How to send a data.frame from R to Q/KDB?

2019-04-29 17:14发布

问题:

I have a large data.frame (15 columns and 100,000 rows) in an existing R session that I want to send to a Q/KDB instance. From KDB's cookbook, the possible solutions are:

RServer for Q: use KDB to create new R instance which shares memory space. This doesn't work because my data is in an existing instance of R.

RServe: run an R server and use TCP/IP to communicate with Q/KDB client. This does not work, because as per RServe's documentation, "every connection has a separate workspace and working directory" and so i presume does not see my existing data.

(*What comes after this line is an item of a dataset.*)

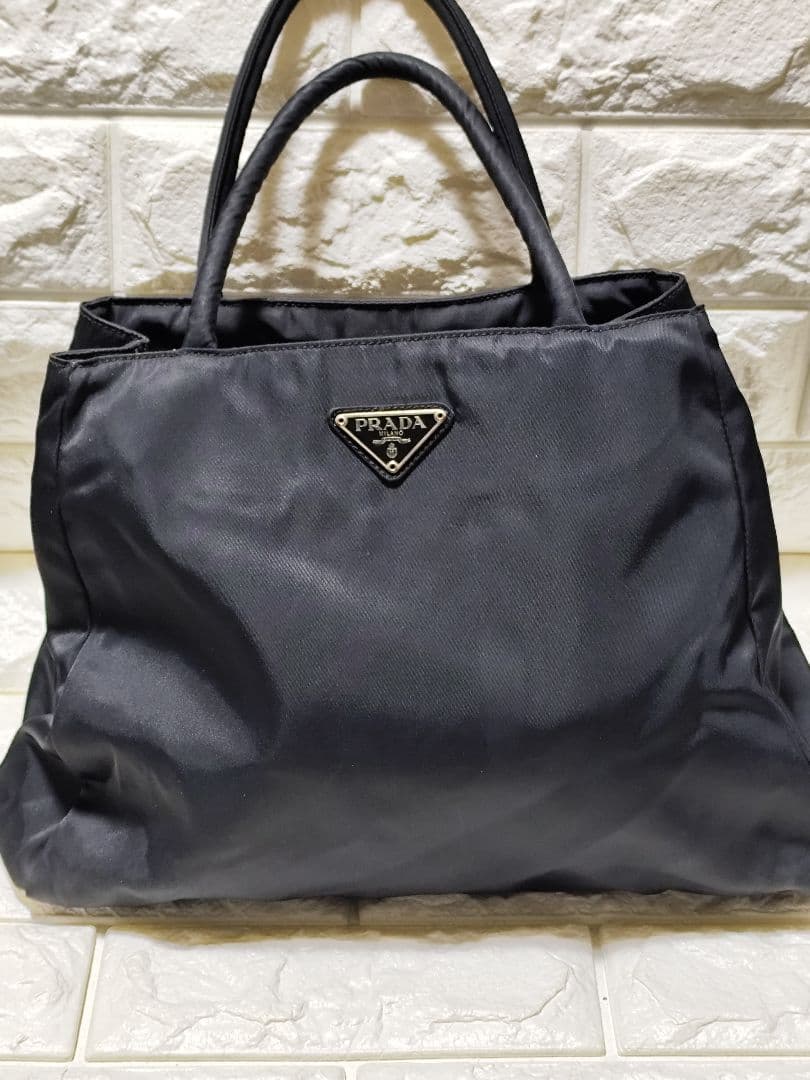 PRADA プラダ　ハンドバッグ　三角ロゴ　ナイロン　ブラック PRADA（プラダ） 極 美品 三角ロゴ プレート 金具 テスート ナイロン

R Math Library: access R's functionality via a math library without needing an instance of R. This does not work because my data is already in an instance of R.

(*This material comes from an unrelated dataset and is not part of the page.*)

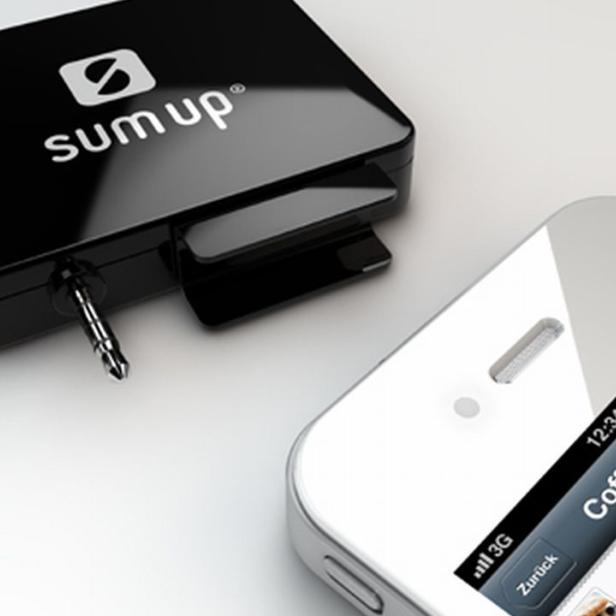 Ein SumUp-Kartenlesegerät ist an ein iPhone angeschlossen, auf dem „Coffee & Cream“ angezeigt wird.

So any other ideas on how to send data from R to Q/KDB?

回答1:

open a port in Q. I start Q with a batch file:

@echo off
c:\q\w32\q -p 5001

load qserver.dll

tryCatch({
dyn.load("c:/q/qserver.dll")}
  ,error = function(f){
    print("can't load qserver.dll")
  })

Then use these

open_connection <- function(host="localhost", port=5001, user=NULL) {
         parameters <- list(host, as.integer(port), user)
      h <- .Call("kx_r_open_connection", parameters)
    assign(".k.h", h, envir = .GlobalEnv)
    return(h)
}

close_connection <- function(connection) {
         .Call("kx_r_close_connection", as.integer(connection))
}

execute <- function(connection, query) {
         .Call("kx_r_execute", as.integer(connection), query)
}

 d<<-open_connection(host="localhost",port=thePort)

ex2 <- function(...) 
{
  query <- list(...)
  theResult <- NULL
  for(i in query) theResult <- paste0(theResult,i)
  return(execute(d,paste0(theResult)))
}

then ex2 can take multiple arguments so you can build queries with R variables and strings

Edit: thats for R from Q, heres R to Q

2nd Edit: improved algo:

library(stringr)
  RToQTable <- function(Rtable,Qname,withColNames=TRUE,withRowNames=TRUE,colSuffix = NULL)
{
  theColnames <- if(!withColNames || length(colnames(Rtable))==0) paste0("col",as.character(1:length(Rtable[1,])),colSuffix) else colnames(Rtable)
  if(!withRowNames || length(rownames(Rtable))==0) withRowNames <- FALSE
  Rtable <- rbind(Rtable,"linesep")
  charnum <- as.integer(nchar(thestr <- paste(paste0(theColnames,':("',str_split(paste(Rtable,collapse='";"'),';\"linesep\";\"')[[1]],');'),collapse="")) - 11)
  if(withRowNames)
    ex2(Qname,":([]",Qname,str_replace_all(paste0("`",paste(rownames(Rtable),collapse="`"))," ","_"),";",.Internal(substr(thestr,1L,charnum)),"))") else
    ex2(Qname,":([]",.Internal(substr(thestr,1L,charnum)),"))")
}

> bigMat <- matrix(runif(1500000),nrow=100000,ncol=15)
> microbenchmark(RToQTable(bigMat,"Qmat"),times=3)
Unit: seconds
                      expr      min     lq     mean   median       uq      max neval
 RToQTable(bigMat, "Qmat") 10.29171 10.315 10.32766 10.33829 10.34563 10.35298     3

This will work for a matrix, so for a data frame just save a vector containing the types of each column, then convert the dataframe to a matrix, import the matrix to Q, and cast the types

Note that this algo is approx O(rows * cols^1.1) so you'll need to chop the columns up into multiple matricies if you have any more than 20 to get O(rows * cols)

but for your example 150,000 rows and 15 columns takes 10 seconds so further optimization may not be necessary.